Macro work has one major problem—as you move in very close to small subjects to fill the frame, depth of field is reduced. Since the beauty and intrigue of macro work is all about the detail, it’s important to use small lens apertures like f/22 and f/32. The reduction in light necessitates a longer shutter speed, and that, in turn, means that a tripod is essential. Doing macro photography without a tripod is an exercise in frustration. You will never be able to take top-notch pictures. This is especially true when the subject has a lot of depth.


Soft Light
In my opinion, small subjects look best in soft light.
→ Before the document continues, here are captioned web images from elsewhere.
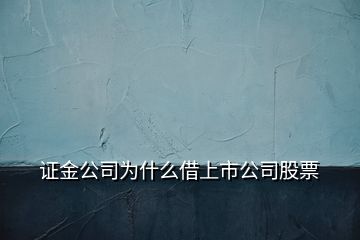 證金公司為什么借上市公司股票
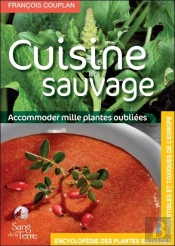 Cuisine Sauvage - Accomoder Mille Plantes Oubliees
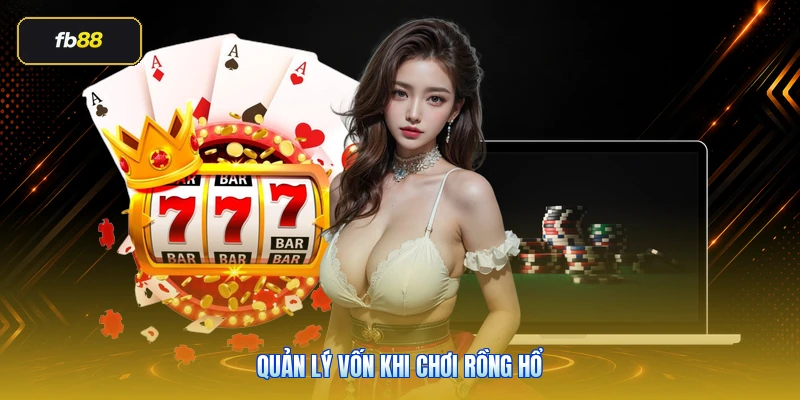 Quản Lý Vốn Khi Chơi Rồng Hổ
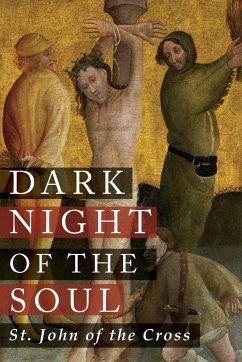 Dark Night of the Soul - St John of the Cross; Peers, E Allison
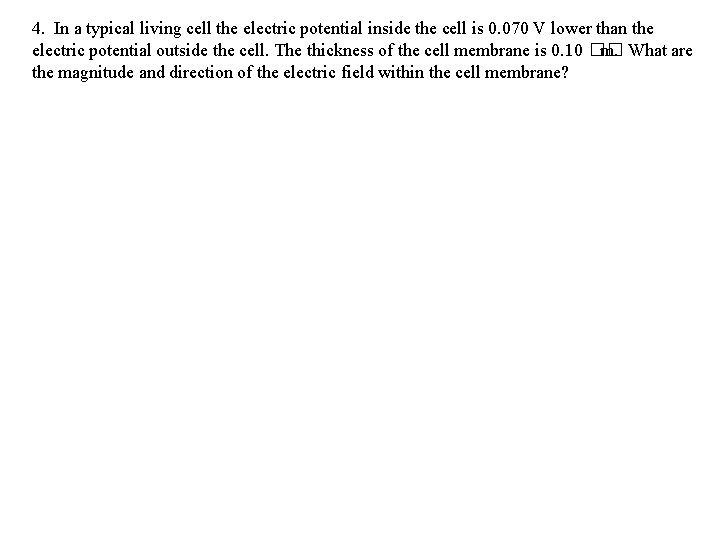 4. In a typical living cell the electric potential inside the cell is 0.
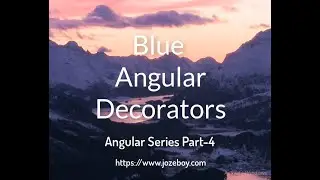 Blue Angular Decorators | Angular Series Part-4 in this video we discuss DECORATORS.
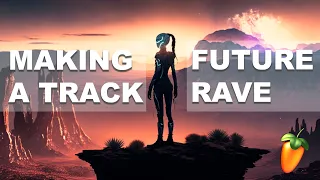 Making a Future Rave Track - Tutorial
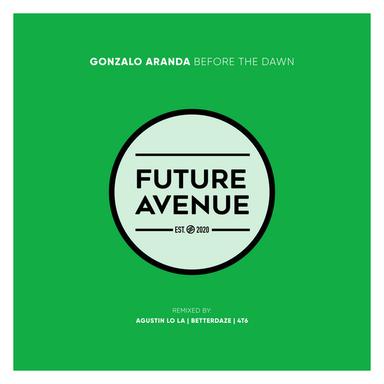 Before the Dawn - Agustin Lo La Remix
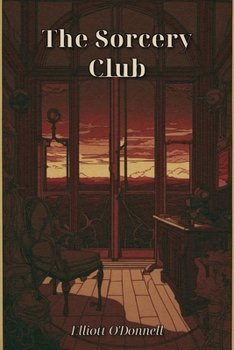 The Sorcery Club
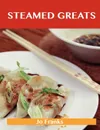 Steamed Greats. Delicious Steamed Recipes, the Top 100 Steamed Recipes - Jo Franks
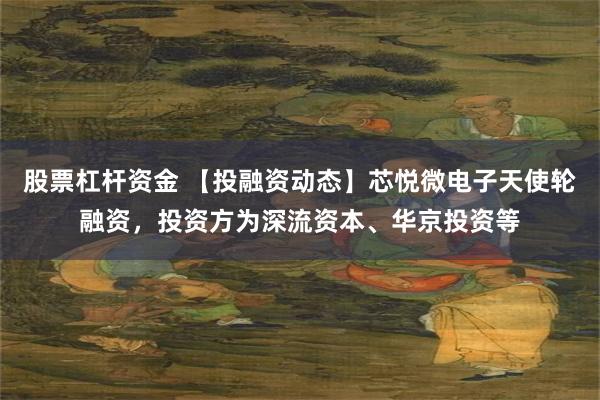 股票杠杆资金 【投融资动态】芯悦微电子天使轮融资，投资方为深流资本、华京投资等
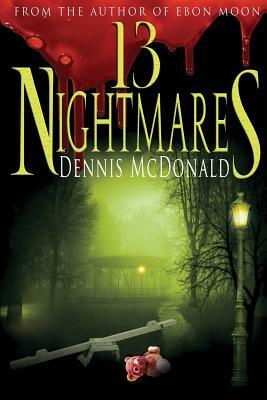 13 Nightmares by Dennis McDonald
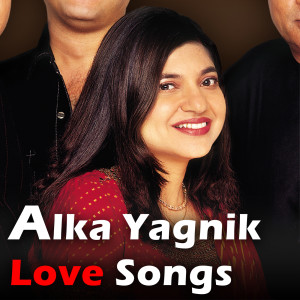 อัลบัม Alka Yagnik Love Songs ศิลปิน Alka Yagnik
Harsh shadows and bright highlights interfere with their subtle colors, shapes and contours. For example, the dwarf lake iris I photographed in Michigan, (#1) was taken under an overcast sky. This is the best-case scenario for close-up work. You can see the kind of sky I was working under (#2) for this rock design. Although I exaggerated the colors in Photoshop, the diffused lighting enabled me to show the natural artistry in the minerals of this cliff face. At the same location, I took another picture (#3) in which I eliminated the sky and filled the frame with color and form.

All Photos © 2009, Jim Zuckerman, All Rights Reserved

If the sun peaks out from behind the clouds, sometimes I will use my body to make a shadow on the small area I’m photographing. This keeps the light evenly diffused. I did that with the tiny alpine wildflowers (#4). The sun was too high in the sky for successful landscape photography of the Alps, so I focused on macro subjects that were small enough to shield from the sun. When I photographed Texas bluebonnets and Indian paintbrush near Austin one year, I used an umbrella to soften the light on the composition (#5). A shooting companion held it for me because my shadow wasn’t large enough to provide shade for the entire composition.



Watch The Wind
Wind is the enemy of macro photographers because even the slightest breeze will be responsible for a blurred image due to the long exposures necessary for this kind of work. Subjects that won’t be affected by the wind are easy to shoot, like the cracked mud in Death Valley (#6), and seashells that I arranged on a beach in Florida (#7).